A questo punto la domanda più logica riguarda “i danni” che la cannabis light produce sui consumatori. Secondo gli anti-proibizionisti, questa droga assunta nella misura prevista dalla legge non genera effetti collaterali; al massimo un minimo rilassamento che secondo loro giova alla salute. Contrario è il giudizio della comunità scientifica che mediante esperti nel settore hanno evidenziano i danni che provoca il prodotto. Inoltre, il Consiglio Superiore della Sanità, in un parere di alcuni giorni fa, rispondendo ad alcuni quesiti posti dall’ex ministro della salute B. Lorenzin, è stato lampante. Per quanto riguarda i pericolosi per la salute “riteniamo che la pericolosità dei prodotti contenenti o costituiti da infiorescenze di canapa, in cui viene indicata in etichetta la presenza di ‘cannabis’ o ‘cannabis light’ o ‘cannabis leggera’, non può essere esclusa poiché la biodisponibilità di THC anche a basse concentrazioni non è trascurabile, sulla base dei dati di letteratura”. Anche perchè il consumo “avviene al di fuori di ogni possibilità di monitoraggio e controllo della quantità effettivamente assunta e quindi degli effetti psicotropi che questa possa produrre, sia a breve che a lungo termine”. L’Organismo consultivo-tecnico del Ministro della Salute aggiunge un’altra importante osservazione: “non appare in particolare che sia stato valutato il rischio al consumo di tali prodotti in relazione a specifiche condizioni, quali ad esempio età, presenza di patologie concomitanti, stati di gravidanza/allattamento, interazioni con farmaci, effetti sullo stato di attenzione, così da evitare che l’ assunzione inconsapevolmente percepita come ‘sicura’ e ‘priva di effetti collaterali’ si traduca in un danno per se stessi o per altri (feto, neonato, guida in stato di alterazione)”. Una chiarezza, già espressa precedentemente dal parere di illustri clinici che riportiamo come approfondimento.
A questo punto la conclusione dovrebbe essere logica anche agli anti-proibizionisti che hanno visto nella “cannabilis light” il primo passo verso la cannabilis libera per tutti e senza vincoli.
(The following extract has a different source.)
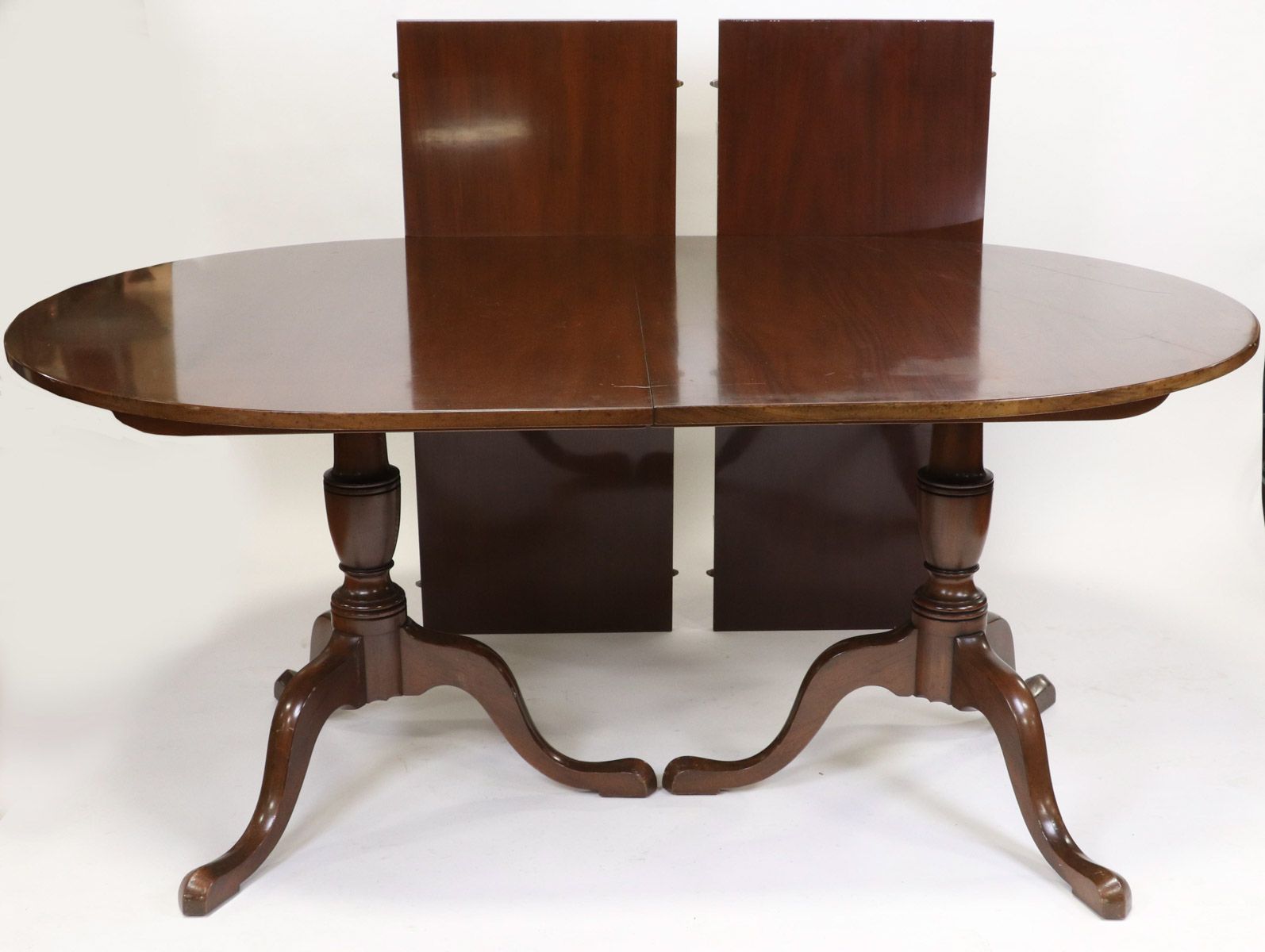 Lot Detail – Double Pedestal Mahogany Dining Table With Regard To Most Recent Mahogany Dining Tables (View 9 of 15)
I canapa shop vanno chiusi il più velocemente possibile.
Ciò che ci preoccupa è l’apatia e la superficialità del ministro della salute Grillo, che imprudentemente e populisticamente ha dichiarato a La Stampa del 21 giugno: “Quella del Css è una conclusione un po’ forte. Sinceramente il divieto di vendita sarà tutto da valutare. La quantità di sostanza attiva è molto bassa. Agli italiani che ieri hanno letto un po’ di notizie allarmistiche dico comunque di stare tranquilli”.
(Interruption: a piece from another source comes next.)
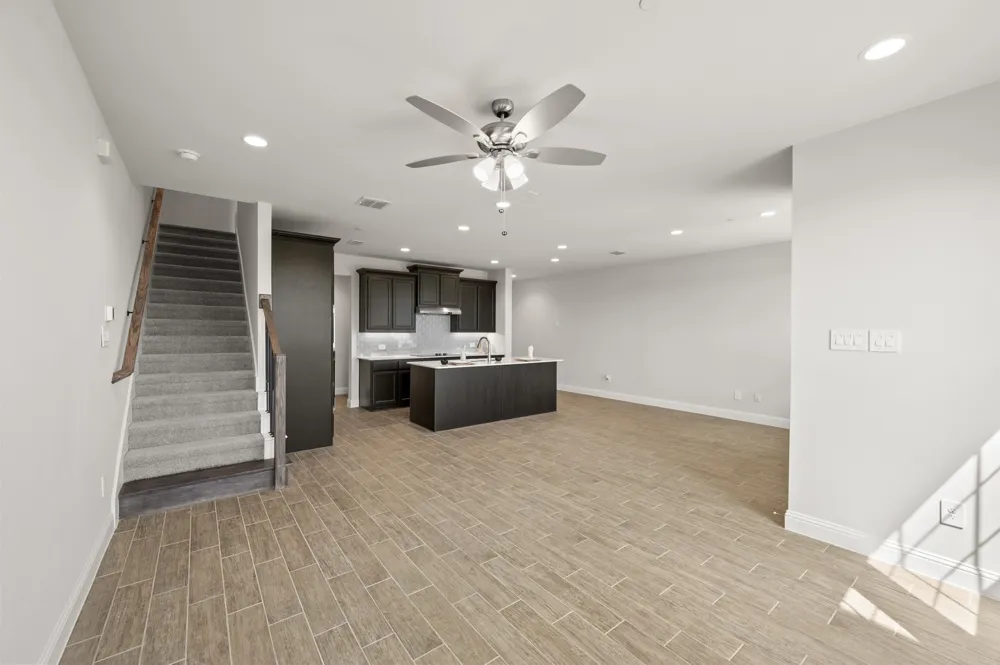 656 Sandiford Court Mansfield, TX 76063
Signor Ministro, da medico, non sappiamo se “ci è o ci fa”. Quello di cui siamo certi è che Lei sta giocando vigliaccamente con la salute e il futuro dei giovani, rischiando di rovinare la loro vita non volendo esercitare con rigore un ruolo scomodo (e anche un impopolare). Legga i nostri approfondimenti, o meglio quelli dei suoi colleghi che hanno alle spalle anni di esperienze nel settore; forse la convinceranno a mutare la sua errata opinione.